突然の真絋からの、貪るような激しいキス。

「はぁ…
ごめんね…急に…」

「はぁはぁ…ん、ううん…
でも、どうして…?」

「………嫉妬…したから……」

「え?」

「だって…嬉しそうに富根くんのこと話すんだもん」

「………」

「………」

「………えーと…ご、ごめんね!
もう、話さないから!ごめんなさい!」

「ううん。僕こそ、ごめんね。
僕が勝手に嫉妬しただけだから。
…………おかしいな…今までこんなことなかったのに…」

「え?」

「今までは付き合ってる子のことで、ヤキモチ妬くことはあった。
でも、こんな感覚初めてで……
ヤキモチよりももっと酷い、嫉妬心なんて。
僕、どうしちゃったんだろ……」

真絋自身が、一番戸惑っていた。
基本的に穏やかな真絋。
いつも微笑んでいて、優しい男性だ。

真絋は、あまり人に嫉妬することがない。

何でも器用にこなせるからというのもあるが、嫉妬をしたところで、自分が惨めになるだけだからだ。

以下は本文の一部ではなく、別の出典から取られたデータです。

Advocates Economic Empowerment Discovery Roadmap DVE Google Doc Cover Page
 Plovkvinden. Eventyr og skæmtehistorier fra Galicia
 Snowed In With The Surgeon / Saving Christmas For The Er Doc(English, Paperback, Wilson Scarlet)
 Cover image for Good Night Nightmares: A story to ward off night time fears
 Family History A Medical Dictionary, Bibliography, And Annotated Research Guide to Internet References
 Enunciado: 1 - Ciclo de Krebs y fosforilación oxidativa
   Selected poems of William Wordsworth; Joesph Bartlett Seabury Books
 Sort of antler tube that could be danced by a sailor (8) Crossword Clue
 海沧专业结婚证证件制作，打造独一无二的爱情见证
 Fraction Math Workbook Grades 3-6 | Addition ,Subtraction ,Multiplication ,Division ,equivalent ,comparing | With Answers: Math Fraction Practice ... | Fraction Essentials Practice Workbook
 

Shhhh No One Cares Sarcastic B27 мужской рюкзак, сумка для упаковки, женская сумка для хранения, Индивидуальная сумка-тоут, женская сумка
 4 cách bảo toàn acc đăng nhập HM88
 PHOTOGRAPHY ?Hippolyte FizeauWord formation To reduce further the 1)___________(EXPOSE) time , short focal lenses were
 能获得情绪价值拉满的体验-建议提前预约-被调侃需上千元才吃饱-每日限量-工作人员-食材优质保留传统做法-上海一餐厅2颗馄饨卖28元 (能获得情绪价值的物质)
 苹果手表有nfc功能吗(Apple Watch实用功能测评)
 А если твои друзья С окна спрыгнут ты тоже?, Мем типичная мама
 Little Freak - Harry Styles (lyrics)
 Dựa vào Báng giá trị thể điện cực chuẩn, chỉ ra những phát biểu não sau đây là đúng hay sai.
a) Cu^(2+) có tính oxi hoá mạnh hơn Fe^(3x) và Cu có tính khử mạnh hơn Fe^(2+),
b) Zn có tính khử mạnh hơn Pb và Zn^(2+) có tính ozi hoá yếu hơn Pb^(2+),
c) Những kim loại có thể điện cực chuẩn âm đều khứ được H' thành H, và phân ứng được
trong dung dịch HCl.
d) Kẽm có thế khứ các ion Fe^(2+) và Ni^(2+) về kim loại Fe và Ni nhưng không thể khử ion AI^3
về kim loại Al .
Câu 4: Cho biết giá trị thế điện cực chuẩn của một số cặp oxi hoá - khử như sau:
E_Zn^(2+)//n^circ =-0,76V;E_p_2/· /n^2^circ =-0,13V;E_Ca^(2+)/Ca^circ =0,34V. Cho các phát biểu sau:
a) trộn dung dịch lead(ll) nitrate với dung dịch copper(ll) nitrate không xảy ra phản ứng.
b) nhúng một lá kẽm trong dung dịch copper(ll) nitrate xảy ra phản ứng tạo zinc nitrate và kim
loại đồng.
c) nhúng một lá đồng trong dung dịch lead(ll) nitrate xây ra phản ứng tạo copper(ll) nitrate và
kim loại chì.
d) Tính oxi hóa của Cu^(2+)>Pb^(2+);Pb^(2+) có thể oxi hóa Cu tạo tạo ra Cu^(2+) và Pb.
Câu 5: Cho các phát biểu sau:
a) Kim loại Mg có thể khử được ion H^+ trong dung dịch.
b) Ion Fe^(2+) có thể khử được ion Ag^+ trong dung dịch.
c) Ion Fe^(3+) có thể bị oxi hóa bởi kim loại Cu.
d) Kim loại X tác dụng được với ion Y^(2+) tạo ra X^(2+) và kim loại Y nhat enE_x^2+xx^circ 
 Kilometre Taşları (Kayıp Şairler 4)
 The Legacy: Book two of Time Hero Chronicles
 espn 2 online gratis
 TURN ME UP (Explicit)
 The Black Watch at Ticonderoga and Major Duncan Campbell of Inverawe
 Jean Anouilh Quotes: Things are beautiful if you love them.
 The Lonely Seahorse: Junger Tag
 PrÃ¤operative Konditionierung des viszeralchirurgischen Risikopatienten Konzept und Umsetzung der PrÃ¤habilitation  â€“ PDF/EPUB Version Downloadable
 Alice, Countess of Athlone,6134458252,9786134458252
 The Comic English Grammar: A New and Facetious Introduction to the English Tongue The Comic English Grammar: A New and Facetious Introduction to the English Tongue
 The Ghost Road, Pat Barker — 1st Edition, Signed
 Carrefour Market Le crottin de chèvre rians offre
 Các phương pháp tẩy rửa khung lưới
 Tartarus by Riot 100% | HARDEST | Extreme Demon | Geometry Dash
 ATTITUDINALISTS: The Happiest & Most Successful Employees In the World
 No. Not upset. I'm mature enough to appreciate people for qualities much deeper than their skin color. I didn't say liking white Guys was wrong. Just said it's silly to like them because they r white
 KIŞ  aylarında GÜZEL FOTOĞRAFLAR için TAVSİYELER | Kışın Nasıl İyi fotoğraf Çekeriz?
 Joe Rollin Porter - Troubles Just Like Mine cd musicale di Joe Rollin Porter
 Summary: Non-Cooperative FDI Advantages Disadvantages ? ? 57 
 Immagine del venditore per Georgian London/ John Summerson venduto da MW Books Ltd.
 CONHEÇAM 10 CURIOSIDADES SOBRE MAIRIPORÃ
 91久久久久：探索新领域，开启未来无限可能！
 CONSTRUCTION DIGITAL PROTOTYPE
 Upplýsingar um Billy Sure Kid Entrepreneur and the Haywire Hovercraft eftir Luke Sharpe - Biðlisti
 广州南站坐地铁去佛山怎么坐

なのに、瑛茉が嬉しそうに自分以外の男の話をしているのを聞いただけで、言葉にできないムカつきが襲ってきたのだ。

“瑛茉は、僕のだけのモノ”
という、やりきれない独占欲が膨れ上がったのだ。


「私も、こんなの初めてだから、どうしたらいいかわからないんだけど……
でも!もう、真絋の前で秀晃くんの話はしないようにするね!」

“真絋に嫌われたくない”

その一心で、瑛茉は言い聞かせるように真絋に言った。


そして、帰りの車の中。
とても暗い車内。

どうしても、口数が少なくなる。

好きな気持ちが、時間と共に膨れ上がり“離れたくない”と思っていた。

「真絋?」

「ん?」

「どうしたの?」

「あのね。
寄り道して帰らない?」

「え?うん、いいよ。
でも、真絋は仕事早いでしょ?
私は夕方からだから、ゆっくりだけど…」

「大丈夫だよ。
それよりも、まだ一緒にいたいから」

真絋は、瑛茉のアパート近くの公園の駐車場に車を停めた。
そして瑛茉に“後ろに移動しよ?”と言って、後部座席に移った。

ぴったりくっついて、真絋が瑛茉の肩を抱く。
瑛茉の頭を自分の肩に乗せて、その瑛茉の頭に自分の頭を乗せた。

「しばらくこのままね!」
そう言って、しばらく二人はくっついていた。